Astrocitoma difuso: síntomas, diagnóstico y tratamiento

 

Introducción

El astrocitoma difuso es un tumor primario del sistema nervioso central que se origina a partir de células gliales astrocíticas. Pertenece al grupo de los gliomas infiltrativos y se caracteriza por un crecimiento lento a moderado, una infiltración difusa del tejido cerebral circundante y una evolución clínica variable. A diferencia de los tumores astrocíticos de alto grado, los astrocitomas difusos suelen presentar una menor agresividad biológica, aunque mantienen la posibilidad de progresar con el tiempo.

Este artículo ofrece una visión objetiva del astrocitoma difuso, incluyendo sus características biológicas, su presentación clínica, los principios diagnósticos y los enfoques terapéuticos actuales, de acuerdo con los estándares contemporáneos de la neuro-oncología.

 

 

¿Qué es el astrocitoma difuso?

El astrocitoma difuso es un tumor astrocítico infiltrativo que tradicionalmente se clasifica como grado 2 según la Organización Mundial de la Salud (OMS). En la clasificación actual de los tumores del sistema nervioso central de la OMS, los astrocitomas difusos se definen principalmente por su perfil molecular, en particular por la presencia de una mutación en el gen IDH.

Desde el punto de vista histológico, los astrocitomas difusos muestran un aumento de la celularidad y atipia nuclear, pero carecen de las características definitorias de los tumores de mayor grado, como la necrosis o la proliferación microvascular. Las células tumorales infiltran el tejido cerebral normal, lo que dificulta la resección quirúrgica completa.

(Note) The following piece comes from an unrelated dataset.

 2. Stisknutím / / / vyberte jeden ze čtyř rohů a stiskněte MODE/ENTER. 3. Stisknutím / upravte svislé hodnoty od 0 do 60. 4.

Los astrocitomas difusos aparecen con mayor frecuencia en adultos jóvenes y de mediana edad y suelen localizarse en los hemisferios cerebrales, especialmente en los lóbulos frontal y temporal.

 

Causas y factores de riesgo

La causa exacta del astrocitoma difuso no se conoce por completo. La mayoría de los casos se presentan de forma esporádica y no se asocian a factores ambientales o de estilo de vida identificables.

Los factores de riesgo reconocidos incluyen el aumento de la edad y la presencia de síndromes genéticos raros de predisposición al cáncer. La exposición previa a radiación ionizante que afecte al cerebro se ha asociado a un mayor riesgo de desarrollo de gliomas, aunque esta situación es poco frecuente.

A nivel molecular, los astrocitomas difusos están impulsados por alteraciones genéticas tempranas que afectan al metabolismo celular y a la regulación del crecimiento, especialmente mutaciones en el gen IDH. Estas características moleculares desempeñan un papel central en la clasificación tumoral y en el pronóstico.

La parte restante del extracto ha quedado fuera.